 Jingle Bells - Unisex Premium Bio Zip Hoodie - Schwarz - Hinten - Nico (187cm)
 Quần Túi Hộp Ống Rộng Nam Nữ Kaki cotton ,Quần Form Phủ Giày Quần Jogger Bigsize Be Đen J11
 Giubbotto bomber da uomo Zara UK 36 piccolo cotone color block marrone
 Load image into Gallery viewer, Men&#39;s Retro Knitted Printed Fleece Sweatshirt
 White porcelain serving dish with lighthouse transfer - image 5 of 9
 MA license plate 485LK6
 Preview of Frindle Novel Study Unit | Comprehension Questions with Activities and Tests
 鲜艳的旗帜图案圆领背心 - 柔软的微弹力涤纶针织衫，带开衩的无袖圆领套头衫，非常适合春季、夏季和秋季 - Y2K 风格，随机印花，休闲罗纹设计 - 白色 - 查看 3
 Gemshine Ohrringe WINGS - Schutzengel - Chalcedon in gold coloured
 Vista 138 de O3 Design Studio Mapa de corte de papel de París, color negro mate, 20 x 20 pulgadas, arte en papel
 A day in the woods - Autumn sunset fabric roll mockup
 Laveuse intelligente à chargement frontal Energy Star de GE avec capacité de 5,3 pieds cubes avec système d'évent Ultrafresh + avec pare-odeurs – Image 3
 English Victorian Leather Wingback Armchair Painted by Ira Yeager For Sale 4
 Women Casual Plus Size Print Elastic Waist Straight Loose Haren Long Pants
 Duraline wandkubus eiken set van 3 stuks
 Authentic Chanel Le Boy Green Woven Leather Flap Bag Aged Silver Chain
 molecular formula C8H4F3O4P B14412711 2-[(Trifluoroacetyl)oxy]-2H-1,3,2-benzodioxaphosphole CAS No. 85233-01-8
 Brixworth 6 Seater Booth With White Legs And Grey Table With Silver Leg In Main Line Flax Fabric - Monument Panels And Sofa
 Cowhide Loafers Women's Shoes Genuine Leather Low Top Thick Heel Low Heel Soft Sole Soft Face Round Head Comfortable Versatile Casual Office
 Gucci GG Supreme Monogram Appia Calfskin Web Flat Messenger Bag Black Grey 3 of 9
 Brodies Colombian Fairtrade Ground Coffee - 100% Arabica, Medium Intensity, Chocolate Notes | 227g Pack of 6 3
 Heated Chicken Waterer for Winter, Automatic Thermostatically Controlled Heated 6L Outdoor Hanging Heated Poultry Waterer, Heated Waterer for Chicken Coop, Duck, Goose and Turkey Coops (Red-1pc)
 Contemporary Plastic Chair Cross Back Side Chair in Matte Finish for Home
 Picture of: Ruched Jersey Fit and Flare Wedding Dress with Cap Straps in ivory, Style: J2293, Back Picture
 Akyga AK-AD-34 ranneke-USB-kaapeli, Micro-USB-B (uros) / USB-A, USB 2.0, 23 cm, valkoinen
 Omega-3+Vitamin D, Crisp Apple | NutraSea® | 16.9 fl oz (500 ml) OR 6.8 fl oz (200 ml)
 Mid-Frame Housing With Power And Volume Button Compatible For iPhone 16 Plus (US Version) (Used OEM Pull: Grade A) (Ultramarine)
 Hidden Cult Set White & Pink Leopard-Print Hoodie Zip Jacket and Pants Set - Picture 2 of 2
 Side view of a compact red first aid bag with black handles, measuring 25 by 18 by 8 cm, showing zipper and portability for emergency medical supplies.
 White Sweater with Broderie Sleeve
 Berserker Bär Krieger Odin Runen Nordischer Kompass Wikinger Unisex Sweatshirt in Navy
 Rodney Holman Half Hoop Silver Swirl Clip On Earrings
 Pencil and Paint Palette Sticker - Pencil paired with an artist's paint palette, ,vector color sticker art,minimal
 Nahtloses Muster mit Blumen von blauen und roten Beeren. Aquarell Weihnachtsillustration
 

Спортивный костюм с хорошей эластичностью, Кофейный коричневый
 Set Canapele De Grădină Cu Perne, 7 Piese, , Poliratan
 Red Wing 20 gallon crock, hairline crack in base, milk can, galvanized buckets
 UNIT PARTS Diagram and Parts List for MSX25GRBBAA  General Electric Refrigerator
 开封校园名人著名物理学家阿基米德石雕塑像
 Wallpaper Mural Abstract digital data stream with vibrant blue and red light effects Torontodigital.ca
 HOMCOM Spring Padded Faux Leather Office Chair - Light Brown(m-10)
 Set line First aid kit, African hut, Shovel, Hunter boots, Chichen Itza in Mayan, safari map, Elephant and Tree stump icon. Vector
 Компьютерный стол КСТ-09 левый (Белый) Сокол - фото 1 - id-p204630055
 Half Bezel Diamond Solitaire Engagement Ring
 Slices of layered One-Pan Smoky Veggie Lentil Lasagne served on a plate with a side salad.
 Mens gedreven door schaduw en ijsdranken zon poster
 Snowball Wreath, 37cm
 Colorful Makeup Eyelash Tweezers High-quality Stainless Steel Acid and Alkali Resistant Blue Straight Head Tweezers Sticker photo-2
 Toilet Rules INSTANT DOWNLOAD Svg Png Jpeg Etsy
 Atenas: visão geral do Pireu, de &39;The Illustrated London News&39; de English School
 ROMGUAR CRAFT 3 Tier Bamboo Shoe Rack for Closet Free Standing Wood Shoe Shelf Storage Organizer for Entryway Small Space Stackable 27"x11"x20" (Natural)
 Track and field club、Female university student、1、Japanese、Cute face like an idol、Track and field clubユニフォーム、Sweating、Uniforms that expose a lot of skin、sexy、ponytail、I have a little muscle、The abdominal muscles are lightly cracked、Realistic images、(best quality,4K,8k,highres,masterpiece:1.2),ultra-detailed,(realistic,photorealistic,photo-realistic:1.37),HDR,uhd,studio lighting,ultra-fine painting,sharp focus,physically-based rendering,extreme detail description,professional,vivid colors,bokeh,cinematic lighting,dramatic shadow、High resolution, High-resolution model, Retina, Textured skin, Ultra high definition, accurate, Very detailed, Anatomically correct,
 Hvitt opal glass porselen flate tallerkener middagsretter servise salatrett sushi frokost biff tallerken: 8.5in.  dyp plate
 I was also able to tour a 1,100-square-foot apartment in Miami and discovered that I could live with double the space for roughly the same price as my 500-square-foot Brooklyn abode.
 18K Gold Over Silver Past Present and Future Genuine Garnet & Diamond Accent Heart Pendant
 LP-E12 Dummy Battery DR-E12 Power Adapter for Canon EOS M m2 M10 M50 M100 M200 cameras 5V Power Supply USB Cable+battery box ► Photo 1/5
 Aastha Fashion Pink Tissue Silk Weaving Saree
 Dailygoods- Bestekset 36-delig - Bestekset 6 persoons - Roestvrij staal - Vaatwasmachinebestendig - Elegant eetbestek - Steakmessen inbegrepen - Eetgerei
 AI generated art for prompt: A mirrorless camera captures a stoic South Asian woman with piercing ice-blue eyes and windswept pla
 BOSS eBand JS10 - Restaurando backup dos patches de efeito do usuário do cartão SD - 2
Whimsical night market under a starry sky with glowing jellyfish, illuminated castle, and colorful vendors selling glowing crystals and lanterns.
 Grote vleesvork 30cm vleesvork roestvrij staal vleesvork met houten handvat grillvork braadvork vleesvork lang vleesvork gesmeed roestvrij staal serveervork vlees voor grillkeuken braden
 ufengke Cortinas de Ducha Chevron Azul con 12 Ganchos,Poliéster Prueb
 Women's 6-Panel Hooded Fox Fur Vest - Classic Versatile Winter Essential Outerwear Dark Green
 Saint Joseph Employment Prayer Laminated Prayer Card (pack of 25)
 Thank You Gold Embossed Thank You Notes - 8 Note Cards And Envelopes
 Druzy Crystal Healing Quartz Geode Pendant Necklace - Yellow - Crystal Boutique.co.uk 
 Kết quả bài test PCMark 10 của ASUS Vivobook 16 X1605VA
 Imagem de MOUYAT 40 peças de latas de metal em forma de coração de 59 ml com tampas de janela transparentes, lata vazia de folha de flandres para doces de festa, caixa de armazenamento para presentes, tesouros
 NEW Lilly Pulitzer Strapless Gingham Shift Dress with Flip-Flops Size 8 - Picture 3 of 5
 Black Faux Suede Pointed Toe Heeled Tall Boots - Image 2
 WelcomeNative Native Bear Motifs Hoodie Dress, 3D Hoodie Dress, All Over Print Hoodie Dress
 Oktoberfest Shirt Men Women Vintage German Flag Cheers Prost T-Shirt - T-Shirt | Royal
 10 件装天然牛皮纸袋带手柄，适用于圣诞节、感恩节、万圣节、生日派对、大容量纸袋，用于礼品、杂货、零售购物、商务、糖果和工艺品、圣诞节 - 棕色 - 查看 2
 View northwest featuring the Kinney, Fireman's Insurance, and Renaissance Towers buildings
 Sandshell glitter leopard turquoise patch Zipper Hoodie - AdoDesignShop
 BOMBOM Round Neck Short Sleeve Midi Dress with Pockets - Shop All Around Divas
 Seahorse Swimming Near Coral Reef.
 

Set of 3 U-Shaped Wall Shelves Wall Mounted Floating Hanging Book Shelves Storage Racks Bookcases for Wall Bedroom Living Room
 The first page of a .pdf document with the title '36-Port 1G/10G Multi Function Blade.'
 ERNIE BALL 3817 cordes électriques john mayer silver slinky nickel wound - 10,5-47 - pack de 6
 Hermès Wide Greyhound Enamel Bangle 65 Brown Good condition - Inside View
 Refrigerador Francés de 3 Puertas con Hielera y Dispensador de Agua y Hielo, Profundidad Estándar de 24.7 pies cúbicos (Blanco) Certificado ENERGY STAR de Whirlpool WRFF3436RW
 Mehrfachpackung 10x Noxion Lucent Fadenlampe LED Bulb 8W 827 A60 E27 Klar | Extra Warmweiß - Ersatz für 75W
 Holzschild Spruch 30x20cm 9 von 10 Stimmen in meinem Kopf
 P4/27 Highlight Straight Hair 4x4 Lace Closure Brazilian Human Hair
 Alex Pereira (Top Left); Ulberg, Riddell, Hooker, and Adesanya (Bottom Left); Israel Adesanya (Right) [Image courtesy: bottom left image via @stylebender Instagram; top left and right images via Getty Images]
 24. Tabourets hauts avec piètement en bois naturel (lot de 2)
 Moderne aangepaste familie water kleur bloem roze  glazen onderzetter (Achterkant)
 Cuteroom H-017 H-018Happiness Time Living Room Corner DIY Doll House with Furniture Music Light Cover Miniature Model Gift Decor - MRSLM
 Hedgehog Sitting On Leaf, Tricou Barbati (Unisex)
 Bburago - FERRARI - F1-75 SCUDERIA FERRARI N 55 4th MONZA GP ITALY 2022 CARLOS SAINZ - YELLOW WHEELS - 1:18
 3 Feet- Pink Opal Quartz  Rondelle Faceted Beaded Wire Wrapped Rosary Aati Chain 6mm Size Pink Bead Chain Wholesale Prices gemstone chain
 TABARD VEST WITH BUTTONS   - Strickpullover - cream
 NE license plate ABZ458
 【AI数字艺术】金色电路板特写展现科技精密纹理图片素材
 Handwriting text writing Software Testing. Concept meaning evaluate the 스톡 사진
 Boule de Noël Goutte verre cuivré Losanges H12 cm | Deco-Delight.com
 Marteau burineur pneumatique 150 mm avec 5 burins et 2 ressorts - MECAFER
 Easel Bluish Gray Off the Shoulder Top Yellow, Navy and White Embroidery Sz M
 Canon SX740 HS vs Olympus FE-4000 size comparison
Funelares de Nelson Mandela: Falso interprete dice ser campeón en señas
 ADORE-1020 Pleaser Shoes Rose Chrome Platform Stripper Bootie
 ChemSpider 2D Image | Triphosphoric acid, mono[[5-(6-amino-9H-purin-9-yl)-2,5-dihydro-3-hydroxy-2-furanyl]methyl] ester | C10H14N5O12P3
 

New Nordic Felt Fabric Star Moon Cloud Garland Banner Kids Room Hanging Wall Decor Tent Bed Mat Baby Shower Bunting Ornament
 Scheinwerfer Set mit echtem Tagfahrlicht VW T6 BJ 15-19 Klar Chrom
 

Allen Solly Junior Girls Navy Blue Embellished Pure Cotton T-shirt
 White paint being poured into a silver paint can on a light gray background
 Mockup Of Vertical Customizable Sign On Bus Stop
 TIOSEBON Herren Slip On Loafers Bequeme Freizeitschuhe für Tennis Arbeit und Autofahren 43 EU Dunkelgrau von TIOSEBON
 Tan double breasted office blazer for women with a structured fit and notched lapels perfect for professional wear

_ _ _ _

◆ The task ◆
Word for word, restate the lines above from the line containing "Hedgehog Sitting On" through the line containing "NE license plate ABZ458", with both included and nothing else.

◆ Solution to this exercise ◆
 Hedgehog Sitting On Leaf, Tricou Barbati (Unisex)
 Bburago - FERRARI - F1-75 SCUDERIA FERRARI N 55 4th MONZA GP ITALY 2022 CARLOS SAINZ - YELLOW WHEELS - 1:18
 3 Feet- Pink Opal Quartz  Rondelle Faceted Beaded Wire Wrapped Rosary Aati Chain 6mm Size Pink Bead Chain Wholesale Prices gemstone chain
 TABARD VEST WITH BUTTONS   - Strickpullover - cream
 NE license plate ABZ458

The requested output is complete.